We write plurals in ICU message format, like this:

results : TranslatableWithPlural
results =
     "{count, plural, one {{count} result} other {{count} results}}"
         |> i18n.key "results"
         |> i18n.translatePlural

To use these we provide the value for the {count} variable (here resultCount):

Translate.translatePlural session I18n.results resultCount []

The [] at the end is an empty list of key value pairs to substitute for other {key] variables.

In addition to keys and translated messages, our language files include a rule to derive plural groups (‘one’, ‘two’, ‘few’,‘many’, ‘other’) from numbers. When we decode the language file we put the keys and messages into a dictionary and parse the plural rule to give an Elm function we can use to chose the right part of the message text.

Translating

When we’re ready to translate we run a script that compiles all the I18n modules and, in a similar way to the node elm-test runner, builds an elm module that imports them and extracts the keys, messages, comments and maximum length values. This module gets executed on Node and its output becomes the source files for our translation company. The translation company we’re using at the moment wants Gettext PO files, so we convert the ICU messages to PO!

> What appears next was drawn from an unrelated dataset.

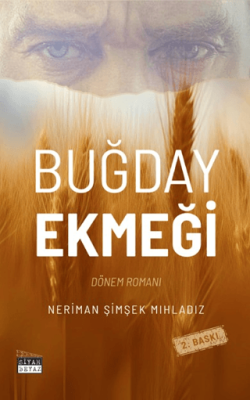 Buğday Ekmeği - 1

When we receive the translated PO files we run another script that converts them to JSON with messages in ICU format, and integrates them with the language definitions (which include the plural rules). The resulting JSON files are the resources that our app fetches and decodes to get the language dictionaries to translate messages. We write an ICU message format parser but its not (yet) a separate package.